The Allen and Benoit essays help to make sense of Cheryl B. Welch’s coverage of Tocqueville’s acceptance of the heavy-handed, imperial means used by the French to achieve their political goals in North Africa. Tocqueville thought these actions might not only project French “grandeur” but bring national unity—and, to a lesser degree, a civilizing of the uncivilized. Allen, Benoit, and Welch leave us with a Tocqueville who is doubtful, and perhaps more diffident, as to what he thought democratic statesmen might accomplish in promoting human equality. Mansfield’s observation that for Tocqueville, “we humans have to be capable of systematic error, even fated to that, if we are to live in accordance with nature’s unspoken promises,” helps to explain the Frenchman’s unwillingness to destroy liberty to combat inequalities of outcome.

The book finishes with contributions addressing the influence of Democracy in America, and exploring the reception of Tocqueville’s work in Sicily, Argentina, Eastern Europe, and Japan.

The understanding of and employment of Tocqueville have been a mixed affair. Fillippo Sabetti highlights Tocqueville’s influence on the Italian political scholar Carlo Cattaneo (1801-1869) and suggests that Cattaneo shared with Tocqueville a great care for the study of a “public science of citizenship” that, if still yet to be realized, promises to improve human affairs in the future. Enrique Aguilar describes an Argentinian nation that, in Tocquevillian terms, had a promising point of departure, yet has suffered from a corrupt political system that debased its citizenry and made political reform impossible.
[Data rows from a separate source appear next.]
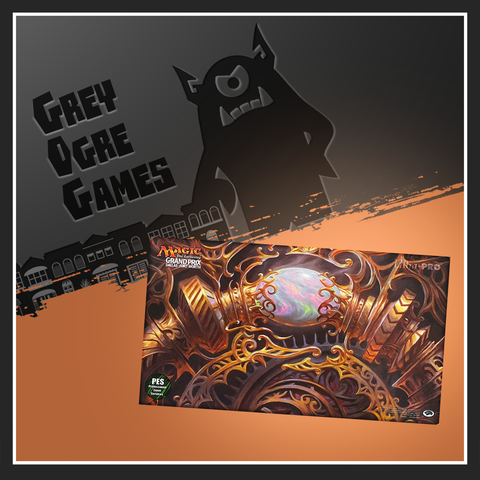 Mox Opal - GP Dallas-Fort Worth 2016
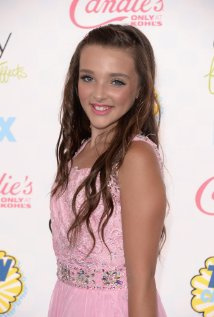 Kendall Vertes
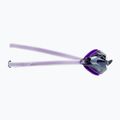 Schwimmbrille Damen Speedo Vanquisher 3.0 Mirrored purple haze/iris/silver mirror 3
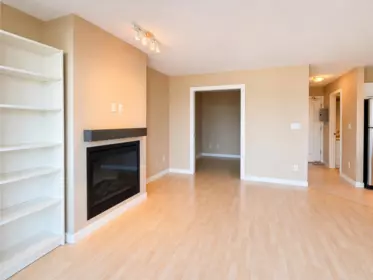 Powder Room Photo of 602 4333 Central Boulevard, Burnaby, BC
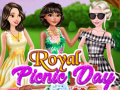 Тоглоом Royal Picnic Day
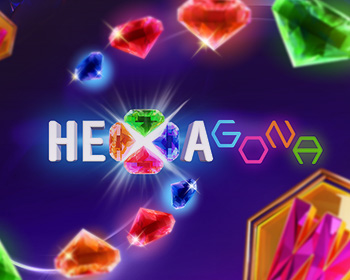 Hexagona - obrázek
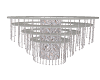 Modern Chandelier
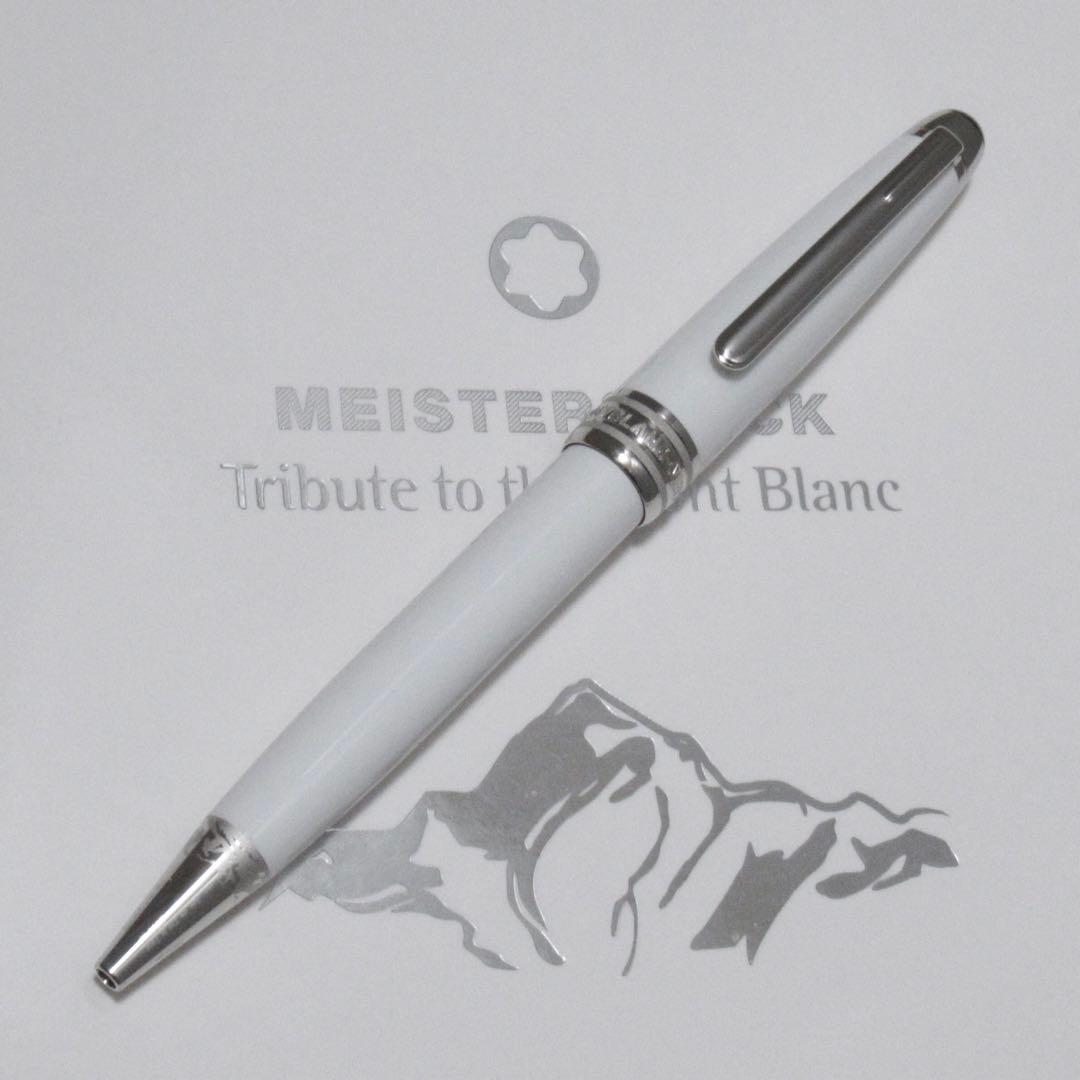モンブラン ボールペン 164 トリビュート トゥ ザ モンブラン 106846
Aurelian Craiutu suggests that Tocqueville’s later work, L’Ancien Régime et la Révolution, building upon Democracy in America, sheds light on why it is that authoritarianism has persisted in Russia and the former Soviet bloc nations, no matter the dissolution of Soviet communism. The lesson: the habits of old regimes and the mores they produce die hard, and political liberty only has a future in post-Soviet societies if a greater political revolution takes place in those societies.
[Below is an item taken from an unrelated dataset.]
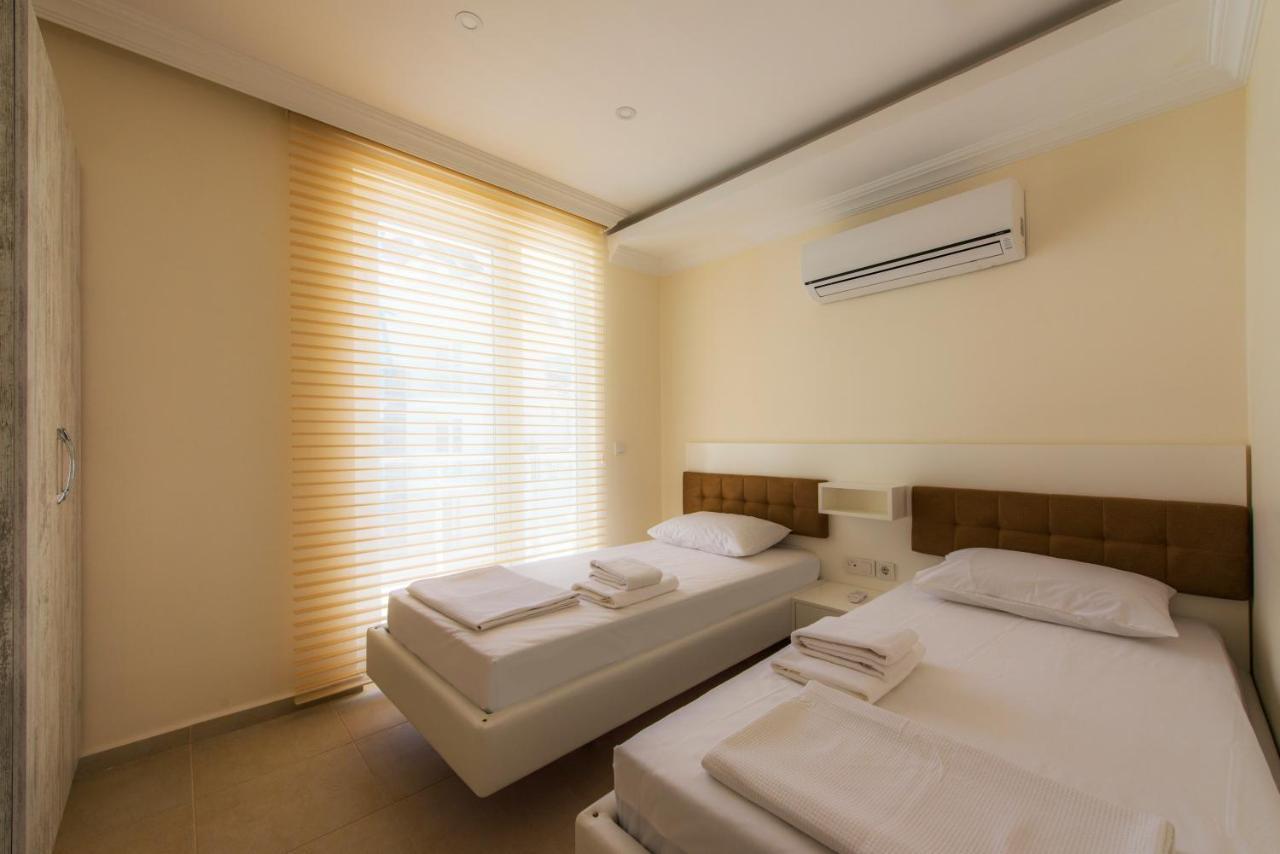 Apartment Orka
Renji Matsumoto relates a fascinating story of Japanese intellectual Fukazawa Yukichi’s (1835-1901) efforts during Japan’s Meiji era to ennoble Japanese politics by promoting administrative decentralization and the spirit of citizenship in the face of rising nationalist, statist, and peoples’ rights movements.

Those last essays prompt us to wonder about the practice of contemporary American politics. Whither the democratic revolution that Tocqueville argued had been transforming Western politics for seven centuries? How far removed are 21st century Americans from the Puritan point of departure in terms of “blending” and “combining” the spirit of religion and the spirit of liberty? How has the movement toward administrative centralization changed American life? Has Tocqueville’s idea of the democratic despotism we ought to fear—the “tutelary power” of which he warned— arrived? Are we willing, in Tocquevillian fashion, to consider human beings more than materially needy creatures?

By making clear the possibility of this voyage, Alexis de Tocqueville and the authors of this volume perform a great service. We are given a way to begin to understand how equality might still lead, as Tocqueville wrote, “to servitude or liberty, to enlightenment or barbarism, to prosperity or misery.”

That today’s Progressives are unwilling to tolerate such an open-ended equality reminds us of their connection to the revolutionaries of the 19th century and, before them, to the beneficiaries of the hidebound system the revolutionaries thought they were correcting. We are warned to be ever on guard, as Tocqueville was, to protect our own equality and liberty.